|
O, 4X4'ün hakkını veriyor
Dağ, taş, toprak, çamur. Yani otomobil kullanmanın zor olduğu her türlü yol şartı ve üstesinden gelen bir 4X4, yani arazi aracı. Türkiye yolları arazi aracı tutkunları için biçilmiş kaftan. Aslında bolca çukurlarıyla İstanbul da.
Çünkü, çukurların üstesinden gelmek ve günümüzün modası olan ve neredeyse her mahalleye yapılan kasislerden durmadan kurtulmanın tek yolu diye düşünenler de var. Tabii ki aslında, hafta sonlarını daha çok su sporlarına, dağ, kayak ya da diğer doğa sporlarına ayıranların birinci tercihi.

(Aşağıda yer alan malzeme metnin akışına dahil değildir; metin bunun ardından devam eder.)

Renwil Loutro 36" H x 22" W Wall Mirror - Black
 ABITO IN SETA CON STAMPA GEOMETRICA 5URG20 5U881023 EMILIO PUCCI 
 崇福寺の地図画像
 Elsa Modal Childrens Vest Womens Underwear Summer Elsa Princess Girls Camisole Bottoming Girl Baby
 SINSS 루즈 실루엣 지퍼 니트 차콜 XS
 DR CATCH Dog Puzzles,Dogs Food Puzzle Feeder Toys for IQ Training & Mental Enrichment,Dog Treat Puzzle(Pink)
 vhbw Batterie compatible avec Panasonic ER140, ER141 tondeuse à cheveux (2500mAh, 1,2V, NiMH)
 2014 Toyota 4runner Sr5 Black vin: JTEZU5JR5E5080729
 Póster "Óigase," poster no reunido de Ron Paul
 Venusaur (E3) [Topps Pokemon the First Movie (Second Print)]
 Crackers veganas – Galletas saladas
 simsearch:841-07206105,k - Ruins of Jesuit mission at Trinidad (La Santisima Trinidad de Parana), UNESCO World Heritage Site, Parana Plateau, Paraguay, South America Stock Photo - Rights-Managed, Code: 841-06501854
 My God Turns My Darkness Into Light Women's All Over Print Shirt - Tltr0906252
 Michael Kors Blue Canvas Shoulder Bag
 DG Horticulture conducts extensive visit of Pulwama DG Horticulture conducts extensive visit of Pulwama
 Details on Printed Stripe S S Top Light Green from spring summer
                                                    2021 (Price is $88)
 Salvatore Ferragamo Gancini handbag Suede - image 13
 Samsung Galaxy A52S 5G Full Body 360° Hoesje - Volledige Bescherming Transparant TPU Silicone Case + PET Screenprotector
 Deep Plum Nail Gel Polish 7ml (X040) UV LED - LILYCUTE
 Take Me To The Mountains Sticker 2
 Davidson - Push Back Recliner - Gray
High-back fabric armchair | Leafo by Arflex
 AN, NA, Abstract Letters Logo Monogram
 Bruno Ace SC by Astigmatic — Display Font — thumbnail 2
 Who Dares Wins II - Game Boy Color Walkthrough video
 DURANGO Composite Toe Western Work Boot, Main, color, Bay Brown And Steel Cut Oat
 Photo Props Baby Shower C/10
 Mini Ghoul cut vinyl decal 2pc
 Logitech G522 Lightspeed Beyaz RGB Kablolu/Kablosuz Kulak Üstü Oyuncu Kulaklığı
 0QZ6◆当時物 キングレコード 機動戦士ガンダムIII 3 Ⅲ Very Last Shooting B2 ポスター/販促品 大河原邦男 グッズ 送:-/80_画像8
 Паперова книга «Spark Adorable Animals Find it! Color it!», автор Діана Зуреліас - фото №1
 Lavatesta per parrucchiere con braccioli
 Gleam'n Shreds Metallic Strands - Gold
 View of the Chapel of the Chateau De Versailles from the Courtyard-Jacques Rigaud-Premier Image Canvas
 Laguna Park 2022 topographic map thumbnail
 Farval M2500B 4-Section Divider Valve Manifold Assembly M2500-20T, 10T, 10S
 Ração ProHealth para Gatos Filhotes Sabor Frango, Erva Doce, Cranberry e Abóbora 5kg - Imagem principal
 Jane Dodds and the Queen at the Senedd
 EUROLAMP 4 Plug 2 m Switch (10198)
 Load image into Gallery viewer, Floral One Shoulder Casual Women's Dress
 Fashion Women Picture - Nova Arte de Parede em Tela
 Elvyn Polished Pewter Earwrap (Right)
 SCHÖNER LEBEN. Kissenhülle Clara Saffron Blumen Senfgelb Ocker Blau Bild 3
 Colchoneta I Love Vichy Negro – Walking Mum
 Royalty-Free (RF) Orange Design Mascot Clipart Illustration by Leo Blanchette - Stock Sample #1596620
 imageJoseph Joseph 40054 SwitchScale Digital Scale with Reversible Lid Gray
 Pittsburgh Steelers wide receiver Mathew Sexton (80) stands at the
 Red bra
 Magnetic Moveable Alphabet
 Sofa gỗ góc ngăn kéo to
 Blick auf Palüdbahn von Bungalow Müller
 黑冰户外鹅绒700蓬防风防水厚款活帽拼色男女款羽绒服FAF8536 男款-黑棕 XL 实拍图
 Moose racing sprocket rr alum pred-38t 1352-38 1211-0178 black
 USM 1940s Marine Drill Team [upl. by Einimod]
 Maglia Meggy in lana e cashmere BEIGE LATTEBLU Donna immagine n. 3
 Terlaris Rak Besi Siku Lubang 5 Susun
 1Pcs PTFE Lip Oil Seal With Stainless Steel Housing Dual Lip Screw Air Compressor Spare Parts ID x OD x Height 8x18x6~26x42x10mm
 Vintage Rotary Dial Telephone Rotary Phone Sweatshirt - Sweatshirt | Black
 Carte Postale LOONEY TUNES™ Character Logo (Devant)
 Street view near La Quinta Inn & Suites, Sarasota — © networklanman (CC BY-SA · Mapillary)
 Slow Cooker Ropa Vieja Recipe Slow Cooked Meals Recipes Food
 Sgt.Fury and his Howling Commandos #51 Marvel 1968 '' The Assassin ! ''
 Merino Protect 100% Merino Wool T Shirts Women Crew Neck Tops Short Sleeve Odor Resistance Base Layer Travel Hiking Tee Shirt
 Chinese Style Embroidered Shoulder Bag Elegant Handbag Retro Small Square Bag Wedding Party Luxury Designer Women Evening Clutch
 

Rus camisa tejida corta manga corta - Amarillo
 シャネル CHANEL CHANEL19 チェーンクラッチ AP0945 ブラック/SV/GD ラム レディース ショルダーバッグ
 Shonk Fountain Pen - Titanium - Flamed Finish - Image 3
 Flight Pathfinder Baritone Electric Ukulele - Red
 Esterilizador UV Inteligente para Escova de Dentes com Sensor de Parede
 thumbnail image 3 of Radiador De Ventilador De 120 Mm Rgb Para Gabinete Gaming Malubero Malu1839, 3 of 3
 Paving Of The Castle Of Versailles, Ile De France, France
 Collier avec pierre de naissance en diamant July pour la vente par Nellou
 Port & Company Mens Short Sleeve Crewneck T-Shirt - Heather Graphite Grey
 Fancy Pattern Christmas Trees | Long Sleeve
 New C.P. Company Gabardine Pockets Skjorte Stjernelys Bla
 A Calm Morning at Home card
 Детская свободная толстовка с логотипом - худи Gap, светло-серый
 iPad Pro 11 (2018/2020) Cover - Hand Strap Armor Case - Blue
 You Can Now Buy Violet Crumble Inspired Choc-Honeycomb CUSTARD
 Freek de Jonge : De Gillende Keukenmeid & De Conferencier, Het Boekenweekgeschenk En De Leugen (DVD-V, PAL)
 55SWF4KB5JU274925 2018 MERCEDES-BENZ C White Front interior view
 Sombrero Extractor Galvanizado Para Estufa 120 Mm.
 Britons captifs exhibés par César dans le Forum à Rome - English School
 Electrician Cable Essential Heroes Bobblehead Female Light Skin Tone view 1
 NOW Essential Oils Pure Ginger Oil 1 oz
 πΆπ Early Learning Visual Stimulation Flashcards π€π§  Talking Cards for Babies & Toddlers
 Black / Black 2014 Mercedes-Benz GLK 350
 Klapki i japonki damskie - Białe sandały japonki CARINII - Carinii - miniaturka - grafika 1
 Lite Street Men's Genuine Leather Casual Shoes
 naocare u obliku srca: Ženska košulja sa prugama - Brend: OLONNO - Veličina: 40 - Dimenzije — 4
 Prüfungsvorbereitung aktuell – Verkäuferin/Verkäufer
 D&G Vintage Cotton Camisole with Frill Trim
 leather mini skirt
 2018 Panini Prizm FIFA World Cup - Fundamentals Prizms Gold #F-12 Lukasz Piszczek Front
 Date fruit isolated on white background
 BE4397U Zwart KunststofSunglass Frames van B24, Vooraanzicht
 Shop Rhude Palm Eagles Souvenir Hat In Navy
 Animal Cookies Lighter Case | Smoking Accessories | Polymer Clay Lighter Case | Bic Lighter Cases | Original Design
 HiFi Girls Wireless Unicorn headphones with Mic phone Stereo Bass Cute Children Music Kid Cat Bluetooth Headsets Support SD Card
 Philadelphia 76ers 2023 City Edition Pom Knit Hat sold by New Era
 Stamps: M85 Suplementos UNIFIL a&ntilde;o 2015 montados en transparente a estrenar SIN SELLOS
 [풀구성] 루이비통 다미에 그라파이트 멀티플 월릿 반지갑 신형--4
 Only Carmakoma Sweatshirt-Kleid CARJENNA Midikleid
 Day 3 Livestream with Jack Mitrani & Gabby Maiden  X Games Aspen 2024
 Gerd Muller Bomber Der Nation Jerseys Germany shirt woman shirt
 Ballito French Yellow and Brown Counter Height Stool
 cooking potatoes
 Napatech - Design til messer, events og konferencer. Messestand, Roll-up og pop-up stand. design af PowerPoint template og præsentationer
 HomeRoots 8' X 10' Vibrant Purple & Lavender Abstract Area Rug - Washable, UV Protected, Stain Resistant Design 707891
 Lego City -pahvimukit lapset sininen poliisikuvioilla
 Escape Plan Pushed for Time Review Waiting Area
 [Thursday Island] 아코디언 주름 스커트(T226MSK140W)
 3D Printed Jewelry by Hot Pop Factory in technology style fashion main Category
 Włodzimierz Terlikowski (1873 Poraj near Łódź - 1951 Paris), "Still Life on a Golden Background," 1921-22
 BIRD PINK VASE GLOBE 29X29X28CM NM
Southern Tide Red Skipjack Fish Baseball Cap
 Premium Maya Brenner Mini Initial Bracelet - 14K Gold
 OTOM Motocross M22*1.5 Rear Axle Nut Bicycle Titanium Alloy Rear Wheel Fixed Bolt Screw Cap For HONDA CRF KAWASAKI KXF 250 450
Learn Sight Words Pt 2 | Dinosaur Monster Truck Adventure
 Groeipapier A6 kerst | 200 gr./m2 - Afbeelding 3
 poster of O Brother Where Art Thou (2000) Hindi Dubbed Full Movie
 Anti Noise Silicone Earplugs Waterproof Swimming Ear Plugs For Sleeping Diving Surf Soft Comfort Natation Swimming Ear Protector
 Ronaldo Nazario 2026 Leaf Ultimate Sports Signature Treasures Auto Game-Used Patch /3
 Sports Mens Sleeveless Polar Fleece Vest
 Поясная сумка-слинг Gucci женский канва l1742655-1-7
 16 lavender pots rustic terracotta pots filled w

Kendini yüksekte ve güvende hissettiren arazi araçlarının pazarı Türkiye'de her geçen gün artıyor. Ancak arazi aracını gerçek arazi koşullarında kullanan ve bu amaçla satın alanların sayısı az. İstanbul'da özellikle kadın sürücüler güvenlik ve "moda" diye arazi aracı satın alıyor.
Gerçek arazi şartlarında
Tekser İnşaat'ın sahibi Muammer Kitapçı'nın oğlu ve şirketin Yapı Yatırımları Koordinatörü Cem Kitapçı, bir off-road tutkunu. Kitapçı, doğanın her türlü zor şartıyla sahibi olduğu dört arazi aracıyla başa çıkıyor. İstanbul Off-Road Klübü'nün de başkanı olan Kitapçı'nın gözü 1993'ten beri arazi aracından başka birşey görmüyor. Land Rover Discovery, 110, Range Rover ve S3'ten oluşan 4X4'leri değiştirmeyi, ya da elden çıkarmayı asla düşünmüyor.
Şirketin yurtdışındaki şantiyelerinin sorumluluğunu yürüttükten sonra kendi deyimiyle "Şark hizmeti"ne geçtiğimiz yıllarda son vererek İstanbul'a gelen Kitapçı, bulduğu bütün boş vakitleri "4X4 merkezli" haftasonu programlarına ayırıyor.
1990 yılında Camel Trophy seçimlerinde başarılı olarak yarışlara katılan ve dereceye giremese de çok zor yol ve iklim şartlarında gerçekleşen yarışı tamamlayan Kitapçı'nın maceracı ruhu onu bir serüvenden diğerine sürüklüyor.
Şimdiye kadar Toroslar, Kaçkarlar, Konya Çölü ve Kaz Dağı'nın da aralarında bulunduğu doğası muhteşem ancak yolları da bir o kadar zorlu olan pek çok bölgede arazi aracının gücünü ve performansını deneyen Kitapçı, İstanbul trafiğinde arazi aracının kendisi için "kurtuluş" anlamına geldiğini anlatıyor. "Bir kere yüksektesiniz ve yolun ilerisindeki her türlü kaza ya da sıkıkışıklığı görüyorsunuz. İstanbul'da trafik çok çabuk yavaşlıyor. 4X4'le önlem almak daha kolya" diyen Kitapçı, bütün kasisleri de durmadan geçmenin keyfini yaşadığını itiraf ediyor.